» **EXERCISE INSTRUCTIONS**
From the records below, extract only the lines running from the line with "Ray Ban sunglasses new, black and gray color" to the line with "Gibson Dove 1968-70 - Cherry Sunburst", both lines included, reproducing them exactly.

Crawled caption data:
---
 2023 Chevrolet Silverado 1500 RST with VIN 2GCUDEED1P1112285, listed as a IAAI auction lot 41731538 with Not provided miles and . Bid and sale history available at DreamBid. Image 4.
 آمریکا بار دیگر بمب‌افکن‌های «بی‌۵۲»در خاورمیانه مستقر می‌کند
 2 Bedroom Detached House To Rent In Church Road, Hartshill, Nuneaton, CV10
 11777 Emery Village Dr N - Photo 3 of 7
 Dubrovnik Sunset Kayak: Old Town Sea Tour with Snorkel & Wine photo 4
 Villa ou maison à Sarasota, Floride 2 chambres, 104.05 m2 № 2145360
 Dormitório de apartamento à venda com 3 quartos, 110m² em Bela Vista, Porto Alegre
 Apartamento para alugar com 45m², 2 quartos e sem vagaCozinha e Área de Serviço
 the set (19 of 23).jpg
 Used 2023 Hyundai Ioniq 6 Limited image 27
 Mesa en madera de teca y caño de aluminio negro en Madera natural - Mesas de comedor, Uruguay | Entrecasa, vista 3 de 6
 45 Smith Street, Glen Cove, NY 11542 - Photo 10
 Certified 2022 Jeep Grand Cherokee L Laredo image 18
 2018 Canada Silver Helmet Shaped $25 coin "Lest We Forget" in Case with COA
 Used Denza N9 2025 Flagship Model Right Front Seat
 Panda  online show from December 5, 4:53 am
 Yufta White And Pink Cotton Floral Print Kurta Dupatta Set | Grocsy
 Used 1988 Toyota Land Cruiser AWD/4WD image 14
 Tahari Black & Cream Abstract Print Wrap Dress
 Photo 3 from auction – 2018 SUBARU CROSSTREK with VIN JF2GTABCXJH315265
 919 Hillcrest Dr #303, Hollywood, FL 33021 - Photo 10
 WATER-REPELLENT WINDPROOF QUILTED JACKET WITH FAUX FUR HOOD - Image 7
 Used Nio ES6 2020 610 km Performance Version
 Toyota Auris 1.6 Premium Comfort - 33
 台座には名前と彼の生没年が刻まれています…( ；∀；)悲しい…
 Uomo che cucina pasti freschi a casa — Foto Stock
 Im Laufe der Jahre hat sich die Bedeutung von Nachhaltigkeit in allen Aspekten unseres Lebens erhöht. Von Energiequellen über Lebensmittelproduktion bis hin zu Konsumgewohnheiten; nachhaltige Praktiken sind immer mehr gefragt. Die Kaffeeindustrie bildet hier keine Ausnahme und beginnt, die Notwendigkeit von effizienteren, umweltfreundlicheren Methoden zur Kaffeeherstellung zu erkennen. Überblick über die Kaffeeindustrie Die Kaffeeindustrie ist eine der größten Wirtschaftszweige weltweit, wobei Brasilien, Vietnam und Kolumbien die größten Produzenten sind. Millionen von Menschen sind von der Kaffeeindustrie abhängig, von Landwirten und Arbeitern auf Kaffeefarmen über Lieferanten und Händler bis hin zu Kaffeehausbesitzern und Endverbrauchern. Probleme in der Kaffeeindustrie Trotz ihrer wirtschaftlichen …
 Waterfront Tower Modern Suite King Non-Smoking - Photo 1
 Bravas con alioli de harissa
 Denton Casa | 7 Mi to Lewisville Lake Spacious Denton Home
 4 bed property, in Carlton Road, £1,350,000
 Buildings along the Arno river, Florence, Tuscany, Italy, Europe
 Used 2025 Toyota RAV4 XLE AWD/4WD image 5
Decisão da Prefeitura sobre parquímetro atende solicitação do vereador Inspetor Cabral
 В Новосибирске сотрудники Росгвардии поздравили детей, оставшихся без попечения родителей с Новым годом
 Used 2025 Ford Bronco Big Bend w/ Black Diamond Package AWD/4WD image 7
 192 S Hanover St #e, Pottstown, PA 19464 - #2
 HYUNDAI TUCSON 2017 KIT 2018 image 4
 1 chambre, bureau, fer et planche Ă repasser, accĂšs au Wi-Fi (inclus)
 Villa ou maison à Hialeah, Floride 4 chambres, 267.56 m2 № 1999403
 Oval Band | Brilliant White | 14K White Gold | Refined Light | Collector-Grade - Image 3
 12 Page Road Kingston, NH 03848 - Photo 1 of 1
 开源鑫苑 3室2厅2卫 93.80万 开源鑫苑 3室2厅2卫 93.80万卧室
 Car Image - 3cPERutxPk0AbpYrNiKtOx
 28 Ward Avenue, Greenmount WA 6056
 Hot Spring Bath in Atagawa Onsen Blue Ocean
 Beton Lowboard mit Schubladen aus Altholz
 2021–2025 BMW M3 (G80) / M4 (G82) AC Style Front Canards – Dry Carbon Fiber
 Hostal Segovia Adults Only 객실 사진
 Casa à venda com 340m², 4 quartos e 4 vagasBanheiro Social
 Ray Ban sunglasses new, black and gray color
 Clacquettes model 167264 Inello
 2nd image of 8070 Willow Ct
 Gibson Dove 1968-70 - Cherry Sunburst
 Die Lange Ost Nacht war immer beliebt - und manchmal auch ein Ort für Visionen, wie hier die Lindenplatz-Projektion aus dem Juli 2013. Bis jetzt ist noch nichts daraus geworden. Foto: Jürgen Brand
---
» **SOLVED PROBLEM**
 Ray Ban sunglasses new, black and gray color
 Clacquettes model 167264 Inello
 2nd image of 8070 Willow Ct
 Gibson Dove 1968-70 - Cherry Sunburst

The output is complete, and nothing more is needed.